Farklı bir tanımlamaya göre ise lobicilik; “bir konu hakkında kamuoyunda olumlu izlenimler yaratılmasını sağlamak, lanse etmek, yanlış izlenimleri silmek veya düzeltmek, baskı gurupları yaratmak, aleyhte olan bir durumu lehe çevirmek” tir.

Lobi: İngilizce sözlük anlamı olarak “koridor”, “hol” ve “kulis faaliyetleri” olarak tanımlanan sözcüğün siyasi anlamı, belirli çıkar amaçları etrafında toplanan ve organize olan, parlamento koridorlarında yasa yapıcılarını bu çıkarları için etkilemeye çalışan, bu amaçla nüfuzlu kişileri ve basını etkileyen kimselerdir.

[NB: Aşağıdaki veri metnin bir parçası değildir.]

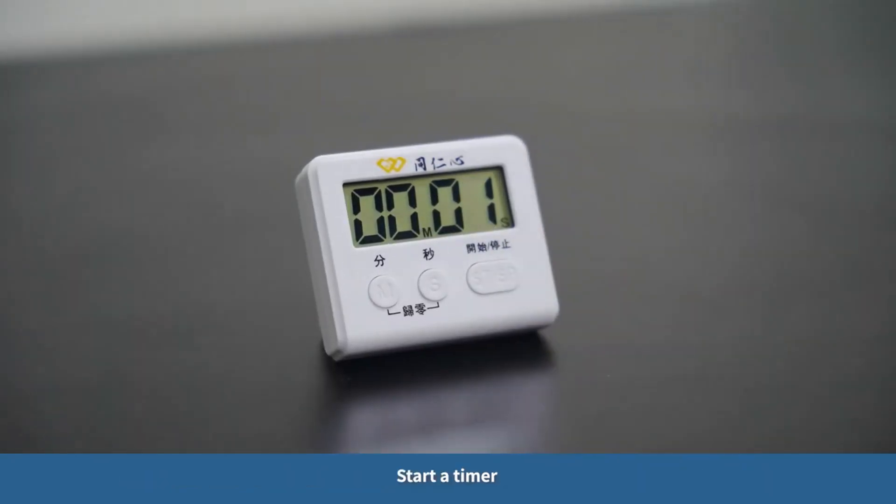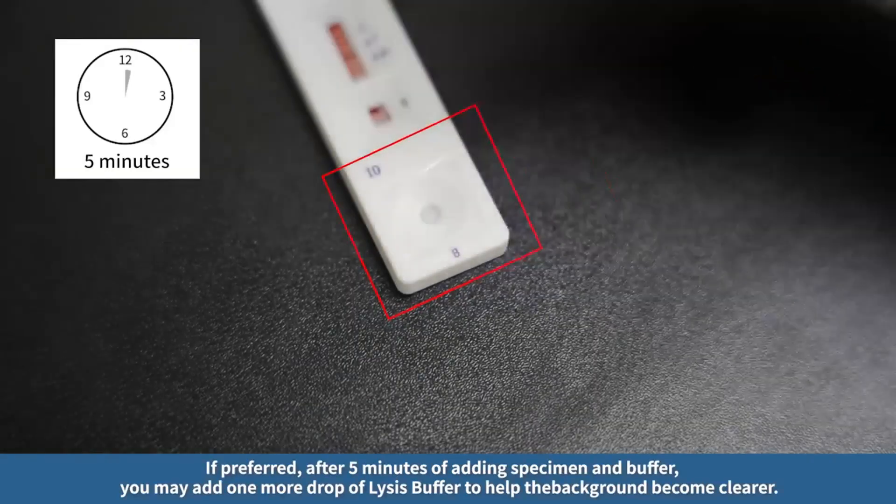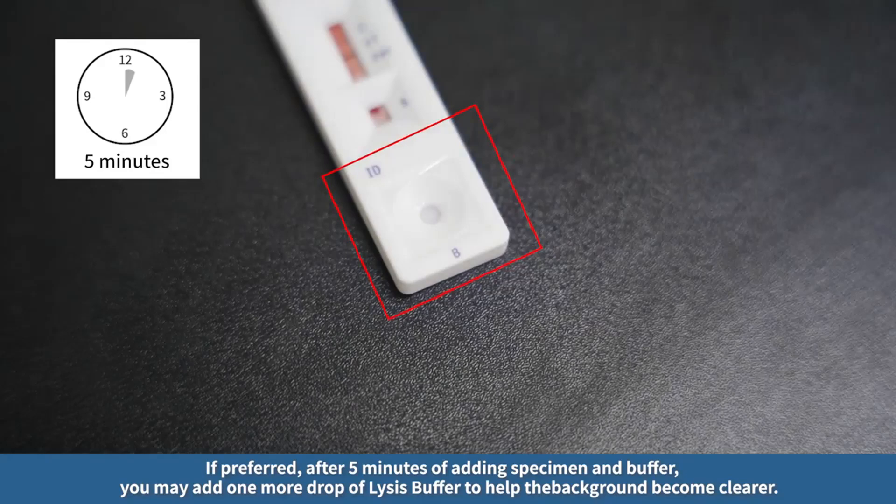Start a timer. If preferred, after five minutes of adding specimen and buffer, you may add one more drop of lysis buffer to help the background become clearer.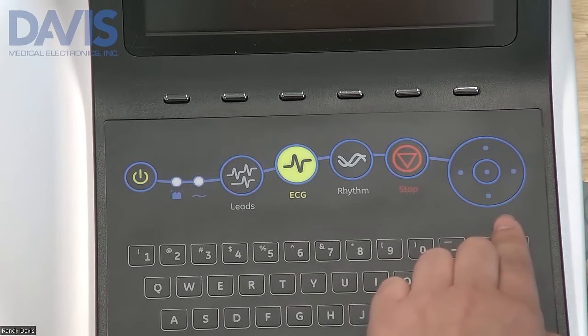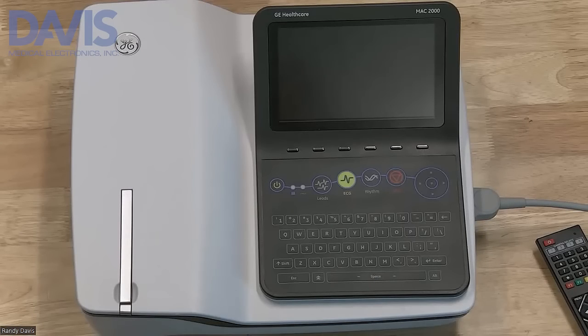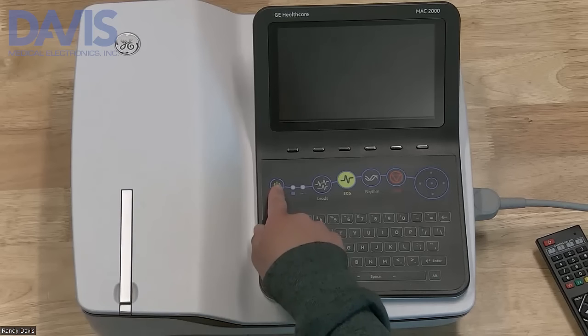You also have a directional trim pad key. To turn on the device, press and hold the power button.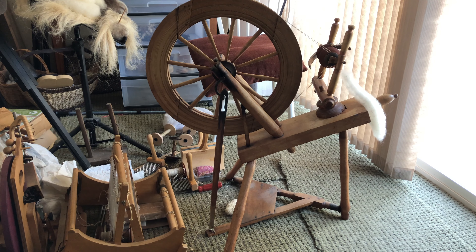All right, early this past spring I picked up an old spinning wheel. Couldn't tell you how old it is, but it's old and it had problems. Picked it up cheap and figured I could try and get it running.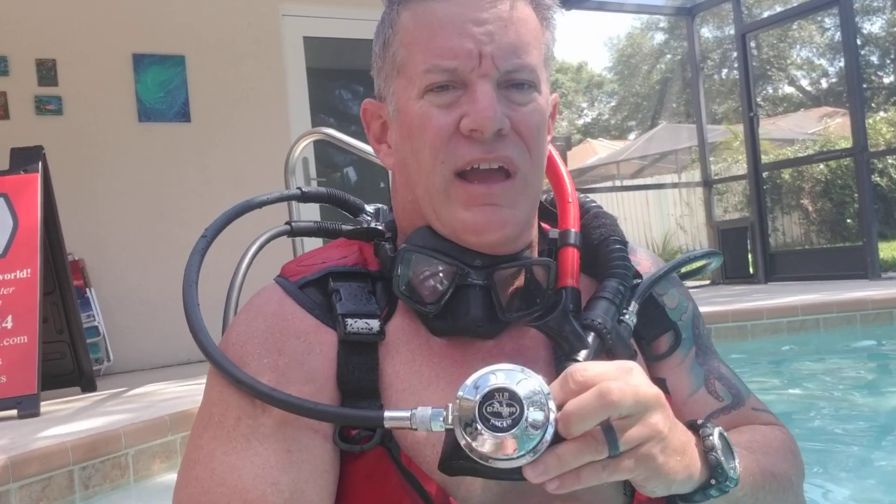Hey, what's going on? It's Deadpool again. I just finished my short little dive with my decor gear, the Pacer XLB.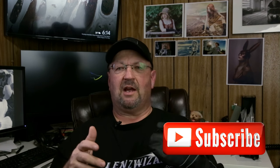Hit like, hit subscribe. Got new stuff coming on the channel all the time. Please come back.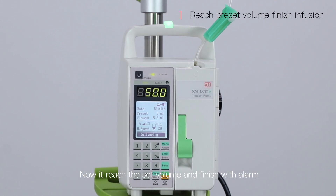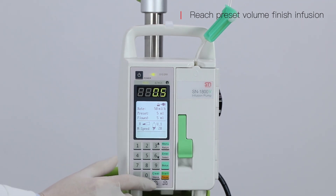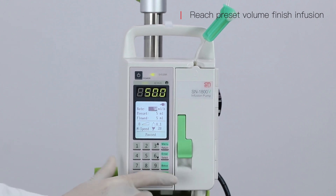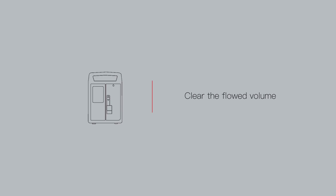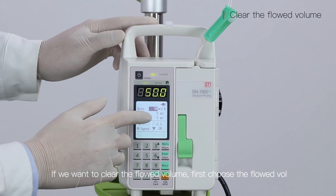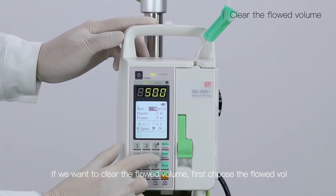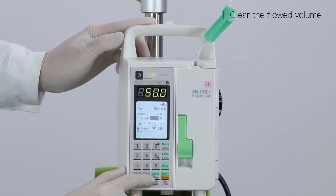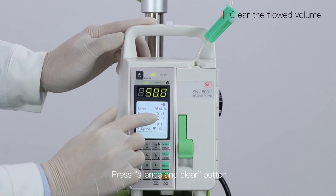Now it will reach the set volume and finish with an alarm. Press start to quit. If we want to clear the fluid volume, first choose the flow volume, then press the silence and clear button.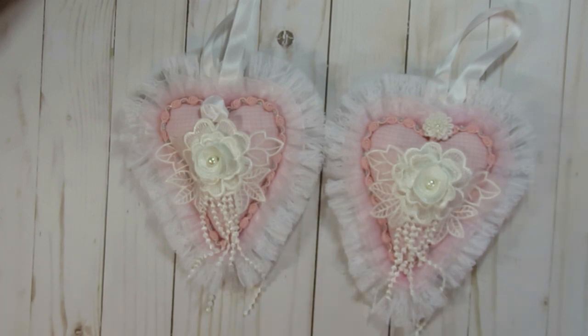I have made these before and shown them on my channel. Last year I created some very similar ones for a design team for Angel Dreams Crafts Kim on Etsy, and I do have a tutorial on how I put them together, so I will link that tutorial in the description box if you are curious on how they're made.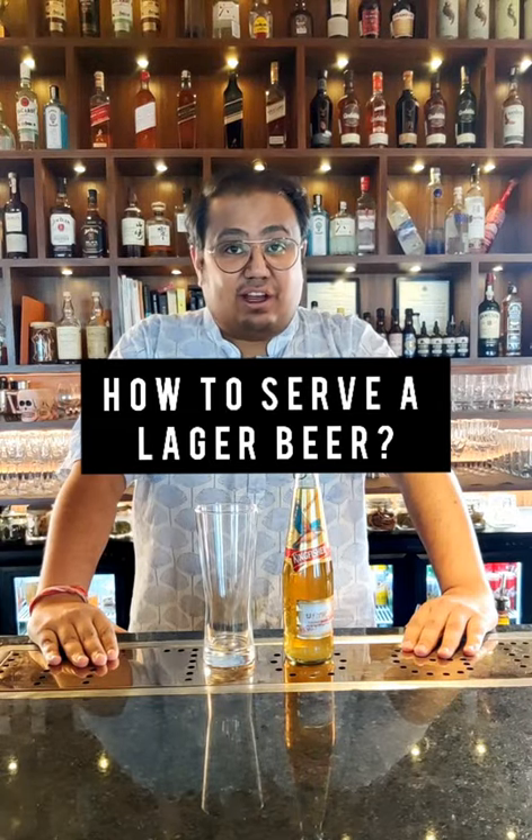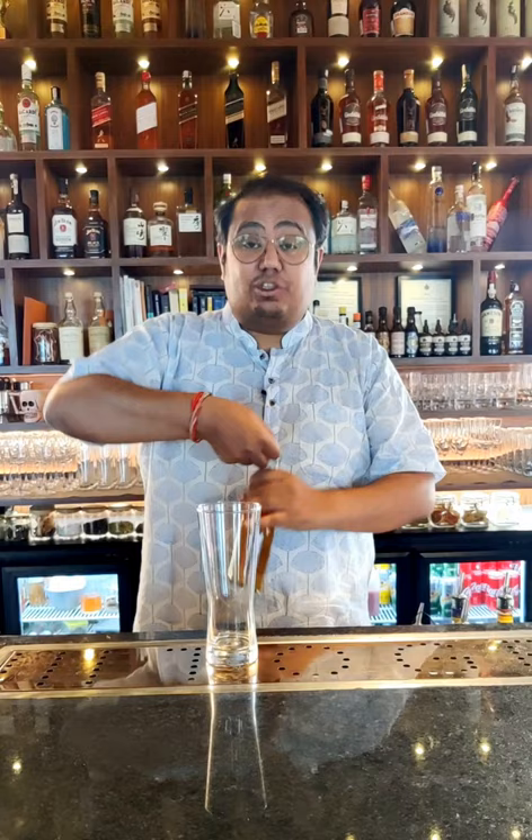Everyone loves drinking a beer, but how do you serve a perfect beer? First, take a beer that is nicely chilled — make sure it has been chilled properly for a really long time. Second, the glass in which you are serving has to be chilled as well.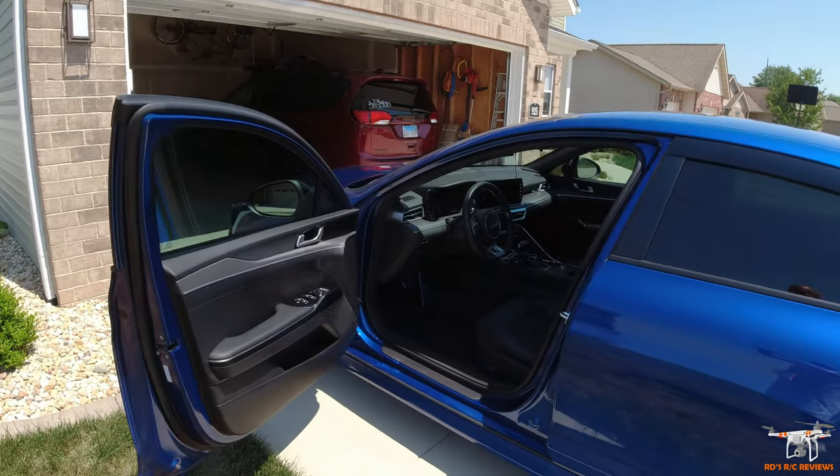I thought we'd show you guys these today because just a few days ago someone on my channel asked me, 'Hey, could you make some more vlogs about your Kia K5?' And I thought, that's not a bad idea, considering that video did pretty well.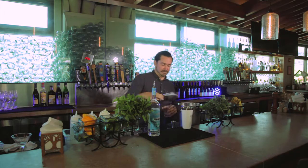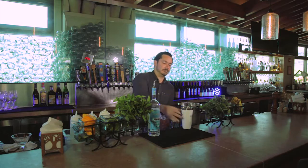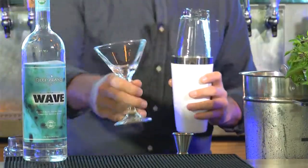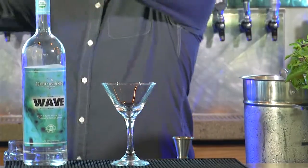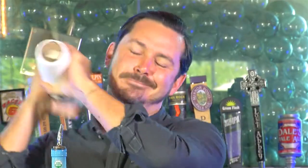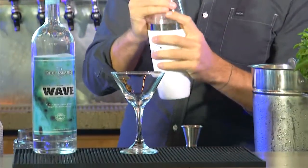We add ice and give it a good shake. This one we're going to serve up. You could also do this on the rocks, on crushed ice, or blended, but I don't advise it.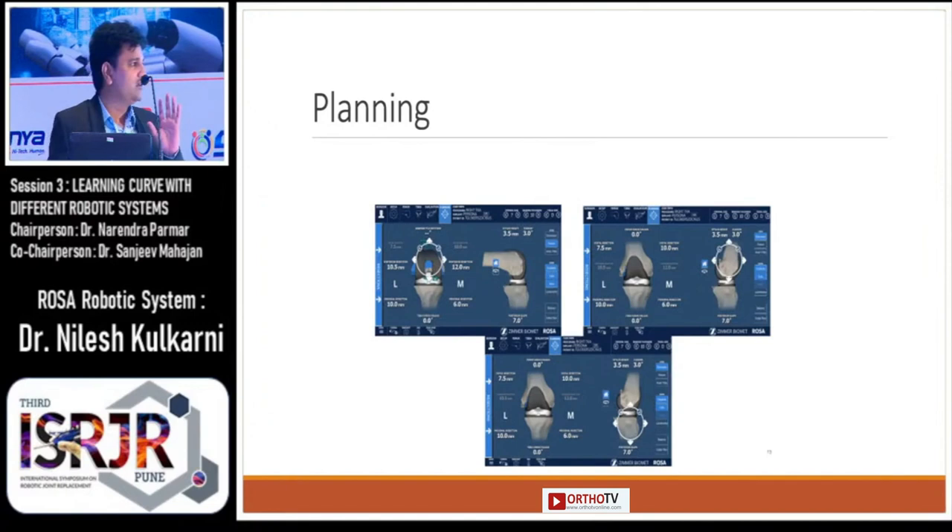And here comes the main step of planning. Basically, planning mostly involves the medial-lateral aspects and the flexion-extension gaps. After collecting all this data, the ROSA system will give information regarding the values of your distal femoral cut, proximal tibial cut, and the posterior cuts. According to that you need to balance your flexion and extension gaps.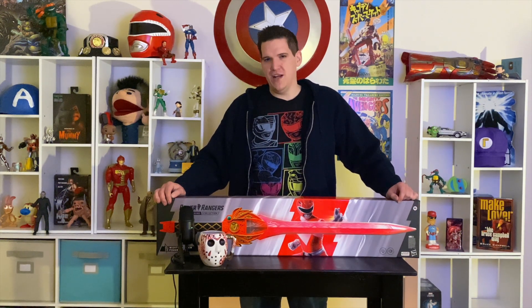What is going on Dork Daily, welcome to another edition of Out of the Box. It is Gabe Ribeiro back with another unboxing video, and today we've got something special because this is long overdue — we're covering the Power Rangers Lightning Collection Power Sword from Hasbro. Let's get into it, shall we?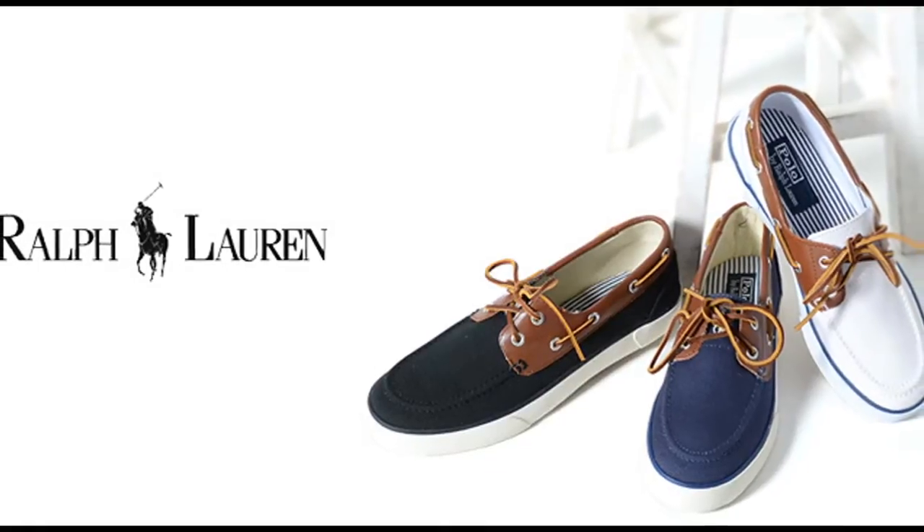Welcome dear guests, this is TheOneMensBoothshoes.com, here we want to talk about the Rylander Bolo Ralph's Lowering Bullet Shoes for Men.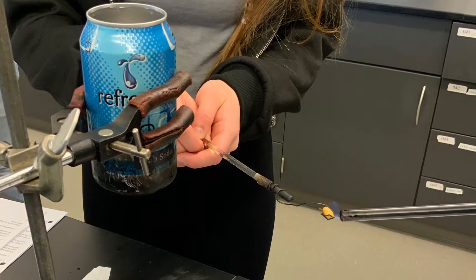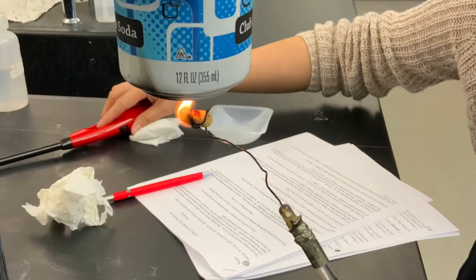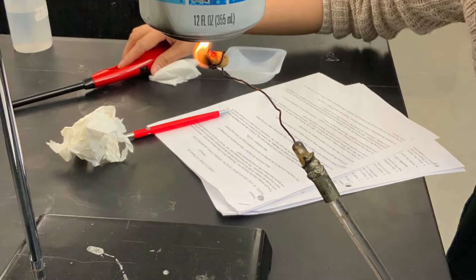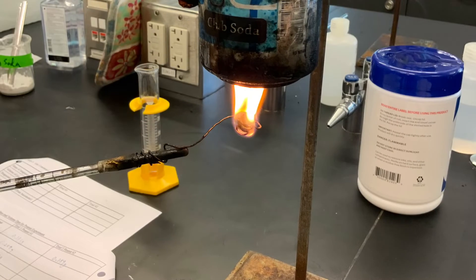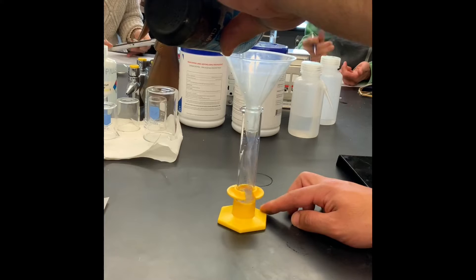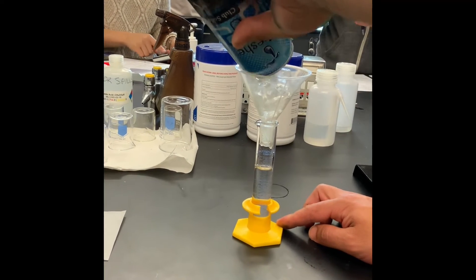After getting the mass of the peanut, we're going to burn the peanut underneath a calorimeter filled a third with ice. We're going to burn that, re-weigh the peanut, and then collect the water into a graduated cylinder to measure the volume of water produced by burning the peanut.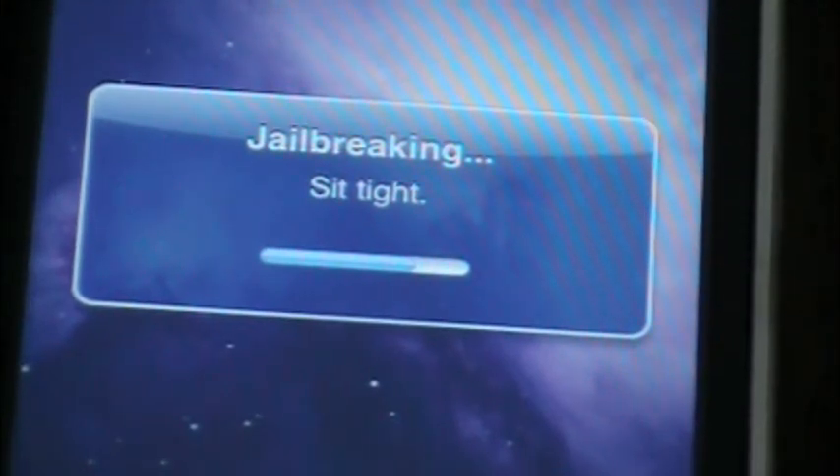I'll just let this finish so you guys can see the whole thing. Almost done — I hope it doesn't get stuck. This is really cool. I didn't get to try the online jailbreak on my second generation iPhone before, but it's really cool that they got it back up on the internet.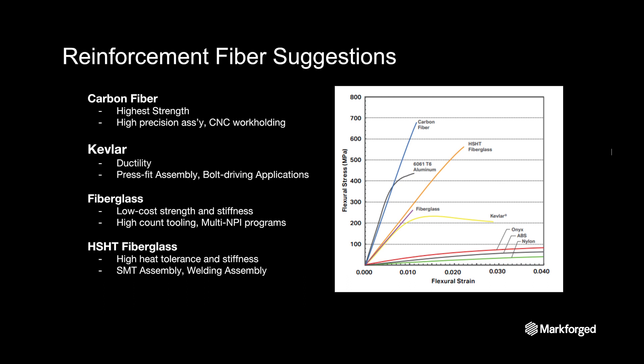Each of our reinforcement fibers has specific properties that suit it best for applications, and I've laid out some examples here. Our strongest fiber, carbon fiber, is often used where the highest strength and impact resistance is needed, making it a great choice for high precision, high force assemblies, as well as CNC work holding applications. Kevlar offers ductility when needed and has seen usage in press fit assembly fixtures, as well as bolt and fastener driving applications. Fiberglass is a great low-cost solution to add moderate strength to parts and is used in a wide variety of applications, including high counts of tooling that require strength beyond standard Onyx material and large-scale new part introductions. We also offer a high strength, high temp fiberglass with additional heat deflection capacity, which is great for creating SMT assembly fixtures, welding assembly fixtures, or any situation where heat may be a factor.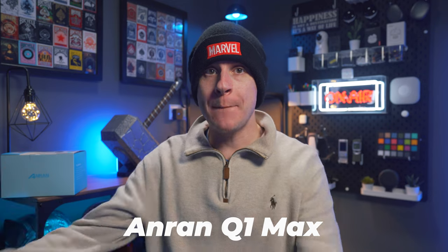This is the Anran Q1 Max, a truly wireless HD outdoor security camera with a solar panel to offer you forever power, and at time of filming this video it is listed at £69.81. There is a link in the video description down below.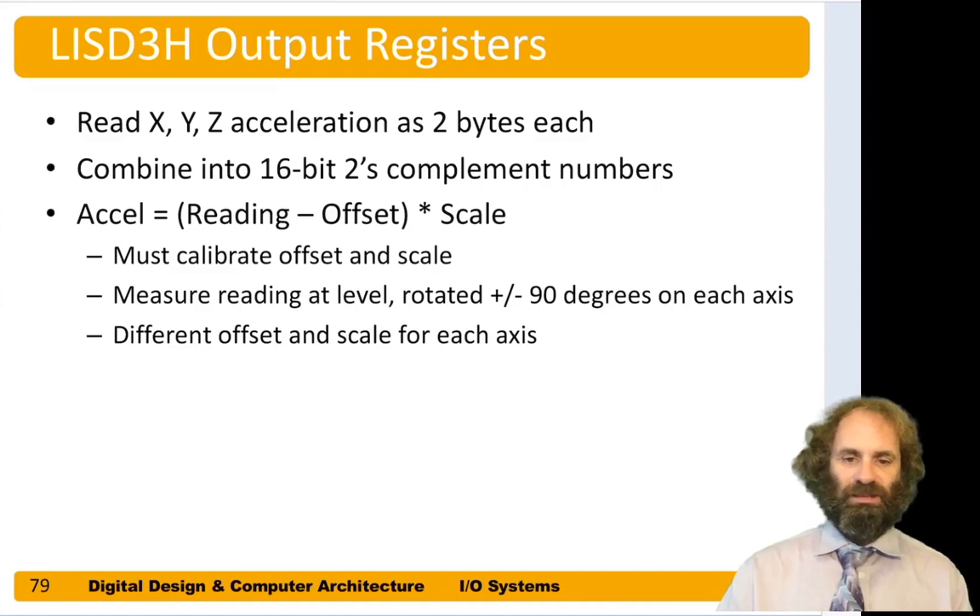We have two output registers for each axis, and we need to read the eight bits from each and combine them into a 16-bit two's complement number. The acceleration equals the raw 16-bit value minus some offset — because zero acceleration doesn't give exactly zero — times a scale factor so full scale maps to two G's. Not all devices are identical, so for precision we should calibrate by reading the accelerometer when level and when rotated plus and minus 90 degrees in each axis.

Lobici: Lobici, lobi faaliyetlerini yürüten, kişi ya da grupları bu faaliyetler için organize eden, siyasi amacı için çalışan ya da baskı grupları yararına siyasi mekanizmanın çeşitli kademelerindeki çalışanlarla ilgilenmesi için kiralanan kişi ya da kişilerdir.

Lobicilik: Siyasal olarak demokrasi ile yönetilen toplumlarda, kanun yapıcıların belirli çıkar gruplarının iradeleri yönünde etkilenilmesi için girişilen faaliyetlere lobicilik denir.

Lobiciliğin İşlevleri

Lobicilik faaliyetlerinin temel işlevleri şu şekildedir:

  • Yasa yapıcıların üzerinde çalıştıkları çalışmalar ile ilgilenen kesimlerin ve çıkar gruplarının kimlikleri ve amaçlarının belirginleşmesine yardımcı olur, kanun yapıcıların bu konudaki ön fikir geliştirmelerini sağlar.
  • Yasa yapıcıların çeşitli toplumsal kesimlerin duygu ve düşünceleri hakkında daha derinlemesine fikir sahibi olmasını sağlar.
  • Yasa yapıcıların, faaliyetlerinin sonuçları hakkında bilgi sahibi olmasını sağlar.

Lobicilik Yöntemleri

Lobicilik çalışmaları kapsamında uygulanan faaliyetlerin sayısı çok fazla değildir. Bu kapsamda uygulanan başlıca yöntemler şunlardır:

  • Doğrudan lobicilik
  • Yerel halkın desteği ile yürütülen lobi faaliyetleri
  • Ortaklaşa yürütülen lobicilik faaliyetleri

Halkla İlişkiler ve Lobicilik

Lobiciler tarafından yürütülen lobi faaliyetleri kapsamında birçok halkla ilişkiler tekniği kullanılmaktadır. Lobi faaliyetlerinin büyük oranda başarısı, bu kapsamda yürütülen halkla ilişkiler faaliyetlerinin başarısına bağlıdır.

Halkla ilişkilerin temel amaçlarından bazıları, ilişki kurulan kişi ya da grupları istenilen yönde etkilemek, sempati ve desteklerini kazanmaktır. Lobiciliğin de amaçlarından bazıları bunlardır.